Every Last Word is about Samantha, a girl who suffers from OCD, and is keeping it a secret from all of her friends. Her family and psychologist are the only people who really know the full extent of her OCD, and her friends are just too judgemental, and bitchy, that she can't let them know. One day, just after the new term starts, she meets Caroline, who seems to know a lot about Sam, and urges her to find Poet's Corner. When she does, Sam discovers more about herself than she though possible, and she can finally be herself for once. As she makes more and more new friends with other members of Poet's Corner, her OCD symptoms don't seem as bad, and she might be finally ready to let other people in on her secret.
Right, so Samantha, or Sam, was a truly wonderful character. I've never read anything that covers OCD before, and don't really know too much about the condition. Sam's affliction manifests itself in an obsession with numbers - she has to do stuff in a certain way, and numbers play a big role in that. She's always done everything she could to hide her symptoms, but it's getting too hard, especially with the symptoms seeming to worsen. Caroline appears at the perfect time to help her, though Sam did a lot to help herself. Her poetry and writing is one of the only things she doesn't obsess over, and being able to share that part of herself with new people really helped her come to terms with her condition. She knew she wasn't perfect, and over the course of the book that didn't bother her as much any more.
Her relationship with Caroline was so enjoyable to read. Caroline just understood her, and was there for her to fall back on if necessary. But Sam did most of the work, and for that I'm truly proud of her.
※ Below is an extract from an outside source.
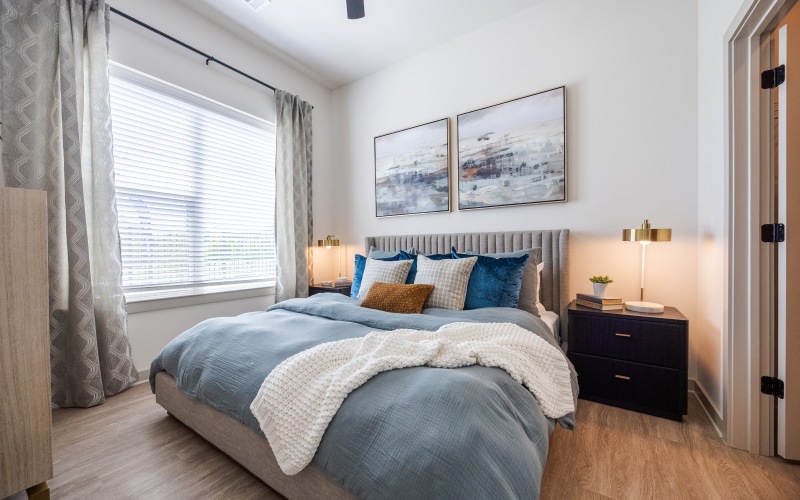 a bedroom with large windows and contemporary furnishings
I kinda clicked what the whole twist with the book was, but just before it happened. Even so, it still bowled me over, and afterwards seemed obvious, but at the same time, not.
I liked how the romance wasn't the be all and end all of the book. Because of their history, it wasn't all love at first sight between Sam and AJ, and it actually took a while before proper feelings came into play. To me, the friends to lovers tropes is one of the best, and I love how AJ and Sam started off disliking each other, to being friends, and gradually getting closer until it was full on love.
Honestly, the only thing I disliked about this book was Sam's original friend group. They were the bitchiest group of girls I've ever seen, and I'm not surprised Sam couldn't be herself around them. Everything else about the book was fantastic. I read it in just over 11 hours, because it was too good to put down. I've not read the author's previous series, but I'm definitely adding them to my TBR. I can't recommend this enough!